-- BRIEF --
A verbatim reproduction of the lines below, from the line containing "حضور کودکان و" through the line containing "More Photos Of", both ends included, is the whole required output.

*** DATA RECORDS ***

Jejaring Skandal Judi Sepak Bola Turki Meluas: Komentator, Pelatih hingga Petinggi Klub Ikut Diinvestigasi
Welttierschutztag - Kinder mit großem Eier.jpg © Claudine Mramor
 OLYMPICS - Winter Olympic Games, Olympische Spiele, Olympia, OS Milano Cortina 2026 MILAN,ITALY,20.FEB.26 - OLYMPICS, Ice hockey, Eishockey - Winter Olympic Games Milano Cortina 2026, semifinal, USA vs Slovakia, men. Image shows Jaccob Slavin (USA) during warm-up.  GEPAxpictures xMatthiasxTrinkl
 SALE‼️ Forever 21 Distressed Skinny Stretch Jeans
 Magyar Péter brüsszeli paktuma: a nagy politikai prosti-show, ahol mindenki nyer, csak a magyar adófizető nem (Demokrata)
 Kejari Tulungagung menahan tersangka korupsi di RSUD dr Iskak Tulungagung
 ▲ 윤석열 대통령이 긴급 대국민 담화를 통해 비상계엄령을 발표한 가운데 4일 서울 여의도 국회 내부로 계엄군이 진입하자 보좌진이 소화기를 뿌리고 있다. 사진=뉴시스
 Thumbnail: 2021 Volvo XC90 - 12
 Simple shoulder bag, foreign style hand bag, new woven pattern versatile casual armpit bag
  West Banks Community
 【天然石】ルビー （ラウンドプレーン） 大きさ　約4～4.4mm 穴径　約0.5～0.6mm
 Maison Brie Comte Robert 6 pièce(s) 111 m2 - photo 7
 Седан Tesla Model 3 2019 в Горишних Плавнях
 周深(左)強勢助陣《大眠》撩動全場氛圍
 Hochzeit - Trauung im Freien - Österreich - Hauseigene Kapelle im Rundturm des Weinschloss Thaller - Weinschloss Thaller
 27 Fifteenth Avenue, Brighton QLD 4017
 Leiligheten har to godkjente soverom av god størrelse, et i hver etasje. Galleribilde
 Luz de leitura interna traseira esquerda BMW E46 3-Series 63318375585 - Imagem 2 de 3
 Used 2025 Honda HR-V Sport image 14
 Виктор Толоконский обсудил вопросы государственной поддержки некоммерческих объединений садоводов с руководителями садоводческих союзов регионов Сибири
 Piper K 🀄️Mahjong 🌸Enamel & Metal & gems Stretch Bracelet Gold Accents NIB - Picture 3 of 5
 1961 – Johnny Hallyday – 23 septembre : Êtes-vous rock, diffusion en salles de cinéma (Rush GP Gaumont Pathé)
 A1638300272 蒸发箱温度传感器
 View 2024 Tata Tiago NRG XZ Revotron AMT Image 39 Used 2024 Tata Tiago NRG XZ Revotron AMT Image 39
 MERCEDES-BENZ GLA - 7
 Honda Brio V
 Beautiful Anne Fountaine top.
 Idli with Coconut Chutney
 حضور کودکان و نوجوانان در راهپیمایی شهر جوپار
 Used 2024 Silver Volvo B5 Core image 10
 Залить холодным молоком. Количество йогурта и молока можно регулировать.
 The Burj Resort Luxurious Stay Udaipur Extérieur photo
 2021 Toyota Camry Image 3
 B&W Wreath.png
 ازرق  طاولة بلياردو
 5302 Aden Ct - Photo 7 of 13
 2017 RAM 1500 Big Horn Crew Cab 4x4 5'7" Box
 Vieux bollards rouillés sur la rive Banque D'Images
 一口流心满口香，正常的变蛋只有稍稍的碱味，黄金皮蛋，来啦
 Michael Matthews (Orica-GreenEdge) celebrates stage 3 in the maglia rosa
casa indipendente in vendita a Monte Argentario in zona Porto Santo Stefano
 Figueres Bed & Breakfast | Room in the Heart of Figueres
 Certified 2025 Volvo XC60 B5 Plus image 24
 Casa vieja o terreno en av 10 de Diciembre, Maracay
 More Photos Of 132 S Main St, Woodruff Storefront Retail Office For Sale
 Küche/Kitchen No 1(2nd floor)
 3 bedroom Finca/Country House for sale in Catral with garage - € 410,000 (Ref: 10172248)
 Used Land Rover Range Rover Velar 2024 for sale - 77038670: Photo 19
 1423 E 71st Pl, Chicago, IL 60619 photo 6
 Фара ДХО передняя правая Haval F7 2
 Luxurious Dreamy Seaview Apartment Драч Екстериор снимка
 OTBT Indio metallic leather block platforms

*** End of DATA RECORDS ***

-- RESPONSE AREA --
 حضور کودکان و نوجوانان در راهپیمایی شهر جوپار
 Used 2024 Silver Volvo B5 Core image 10
 Залить холодным молоком. Количество йогурта и молока можно регулировать.
 The Burj Resort Luxurious Stay Udaipur Extérieur photo
 2021 Toyota Camry Image 3
 B&W Wreath.png
 ازرق  طاولة بلياردو
 5302 Aden Ct - Photo 7 of 13
 2017 RAM 1500 Big Horn Crew Cab 4x4 5'7" Box
 Vieux bollards rouillés sur la rive Banque D'Images
 一口流心满口香，正常的变蛋只有稍稍的碱味，黄金皮蛋，来啦
 Michael Matthews (Orica-GreenEdge) celebrates stage 3 in the maglia rosa
casa indipendente in vendita a Monte Argentario in zona Porto Santo Stefano
 Figueres Bed & Breakfast | Room in the Heart of Figueres
 Certified 2025 Volvo XC60 B5 Plus image 24
 Casa vieja o terreno en av 10 de Diciembre, Maracay
 More Photos Of 132 S Main St, Woodruff Storefront Retail Office For Sale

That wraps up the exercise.